Cérémonie secrète - Secret Ceremony, Joseph Losey (1968)

Leonora, prostituée à Londres, est abordée, lors d'une visite dans un cimetière, par Cenci, jeune et riche héritière qui semble la prendre pour sa mère. Invitée par Cenci dans sa superbe demeure où elle vit seule, Leonora, accepte d'endosser le rôle de Margaret, la mère de Cenci. Les deux femmes, dont l'une a perdu sa fille et l'autre n'accepte pas la mort de sa mère, vont alors jouer à un jeu dangereux aux confins de la folie.

Losey réalise une de ses œuvres les plus déroutantes avec ce Cérémonie Secrète dont la sophistication et la veine psychanalytique l'éloigne quelque peu (au premier abord) des films engagés qui l'établirent enfin aux yeux de la critique au début des années 60 avec The Servant (1963) ou Pour l'exemple (1964). Le projet est amené à Losey par Ingrid Bergman qui rêve de travailler avec lui et qui lui faire lire la courte nouvelle éponyme de l'auteur sud-américain Marco Denevi. Le script qu'en tirera George Tabori sera tellement scabreux qu'Ingrid Bergman renoncera au projet, Losey retrouvant Elizabeth Taylor avec laquelle il vient de tourner Boom dans une veine très proche de ce Cérémonie Secrète et qu'on peut voir comme son film jumeau.

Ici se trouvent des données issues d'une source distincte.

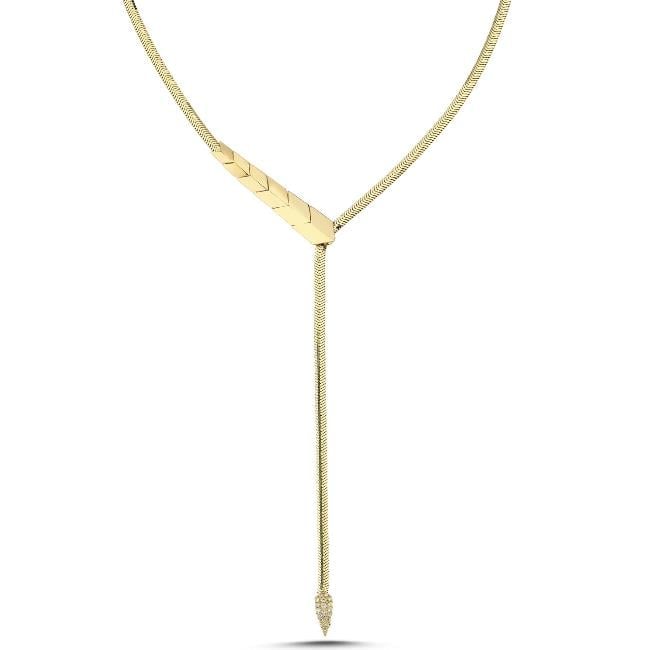 Le Serpent Pırlantalı Kolye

Tout comme dans The Servant ou Accident Losey filme ici un récit d'enfermement et d'aliénation entre deux personnages dans un lieu clos, deux être dont la proximité s'avère aussi addictive que destructrice. Leonora prostituée londonienne (Elizabeth Taylor) va ainsi croiser la route de Cenci (Mia Farrow) jeune héritière aux troubles psychologiques. C'est une perte commune qui va les rapprocher, Leonora a perdu quelques années plus tôt sa fille et ne s'en est jamais vraiment remise tandis que l'esprit perturbé de Cenci résulte de la disparation récente de sa mère à laquelle elle était profondément attachée.

L'ambiguïté du rapport se pose d'emblée par les motifs de cette cohabitation. Leonora va ainsi céder autant par un deuil jamais fait en reconnaissant les traits de sa fille dans ceux de Cenci tandis qu'on découvrira également une ressemblance troublante avec Leonora sur les photos de sa mère et expliquant sa fixette. Pourtant aucune des deux n'est totalement dupe et s'accommode de la situation pour soigner ses blessures.

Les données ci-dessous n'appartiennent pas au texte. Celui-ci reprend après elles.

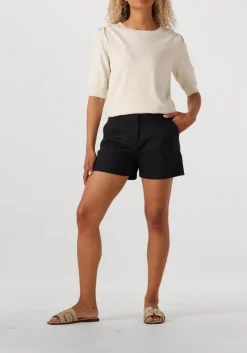 SUMMUM top short sleeve sweater ecru Sale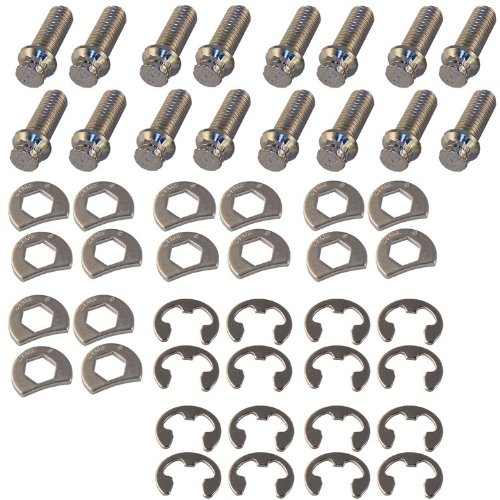 Image of (8953) Stainless Steel Header Bolt Kit for Small Block Ford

L'appât du gain n'est ainsi pas absent des motivations de Leonora et son langage populaire dévoilant sa basse extraction éveille plus d'une fois l'attention d'un Cenci sachant bien au fond d'elle que cette femme n'est pas sa mère, de courts moments où son regard se fait moins absent dévoilant une conscience encore vivace. Les rapports de forces et de soumission vont ainsi s'alterner de l'un à l'autre des personnages, Losey retrouvant de manière différente une opposition proche de The Servant où le rapport de classe finira forcément par avoir son importance.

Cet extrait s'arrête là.